Die in der Bundesrepublik erschienenen Abhandlungen – hier sei auf die Miniaturen-Reihe des Berliner Karl Dietz Verlages, auf Publikationen Stefan Bollingers im Papy-Rossa-Verlag und bei ProMedia, Michael Bries bei VSA und auf die im Verlag 8. Mai erschienenen Neuausgaben von Lenins Arbeiten „Imperialismus als höchstes Stadium“, „Der Marxismus über den Staat“ sowie „Staat und Revolution“ hingewiesen – sind im Nachbarland offensichtlich nicht bekannt, lediglich Wolfgang Ruge und Hendrik Wallat finden bei Moritz und Leidinger Erwähnung.

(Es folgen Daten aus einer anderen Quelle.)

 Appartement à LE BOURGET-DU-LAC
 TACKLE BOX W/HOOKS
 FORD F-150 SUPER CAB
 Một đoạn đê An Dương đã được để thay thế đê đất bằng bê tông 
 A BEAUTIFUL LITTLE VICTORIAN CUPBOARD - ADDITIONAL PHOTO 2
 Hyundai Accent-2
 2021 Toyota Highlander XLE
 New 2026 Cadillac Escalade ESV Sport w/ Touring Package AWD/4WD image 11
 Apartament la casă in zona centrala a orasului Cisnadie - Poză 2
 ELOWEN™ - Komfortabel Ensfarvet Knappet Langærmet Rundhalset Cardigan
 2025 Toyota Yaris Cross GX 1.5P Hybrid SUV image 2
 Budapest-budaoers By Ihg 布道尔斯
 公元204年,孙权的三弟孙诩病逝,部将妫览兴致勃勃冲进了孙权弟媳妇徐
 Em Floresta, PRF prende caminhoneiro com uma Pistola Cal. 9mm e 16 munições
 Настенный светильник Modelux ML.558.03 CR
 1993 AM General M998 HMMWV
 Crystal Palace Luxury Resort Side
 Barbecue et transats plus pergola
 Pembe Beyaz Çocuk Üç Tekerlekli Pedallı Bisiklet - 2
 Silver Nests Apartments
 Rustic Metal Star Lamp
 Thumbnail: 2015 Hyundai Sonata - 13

Eines der Anliegen der deutschen Historiker-Kollegen war, Lenin im Kontext eines kollektiven Meinungsbildungsprozesses, das heißt in der Auseinandersetzung sowohl mit Gleichgesinnten als auch Opponenten zu präsentieren. Im Klappentext des vorliegenden Buches hingegen wird auf ein anderes Lenin-Bild verwiesen: auf die „Geschichte eines Einzelgängers in einer Welt im Umbruch“.

Die Antwort von Moritz und Leidinger auf die seinerzeit von Wolfgang Ruge aufgeworfene Frage, wer Stalin die Knute in die Hand gab, fällt ebenso eindeutig aus wie die Kritik am von den Bolschewiki initiierten Oktoberumsturz.

So wichtig und richtig diese Ausführungen sind, reichen sie nicht aus, um der im Untertitel des Buches genannten „Neubewertung“ gerecht zu werden.

 

Verena Moritz / Hannes Leidinger: Lenin. Die Biografie. Eine Neubewertung, Residenz Verlag,

Salzburg /Wien 2023, 655 Seiten, 38,00 Euro.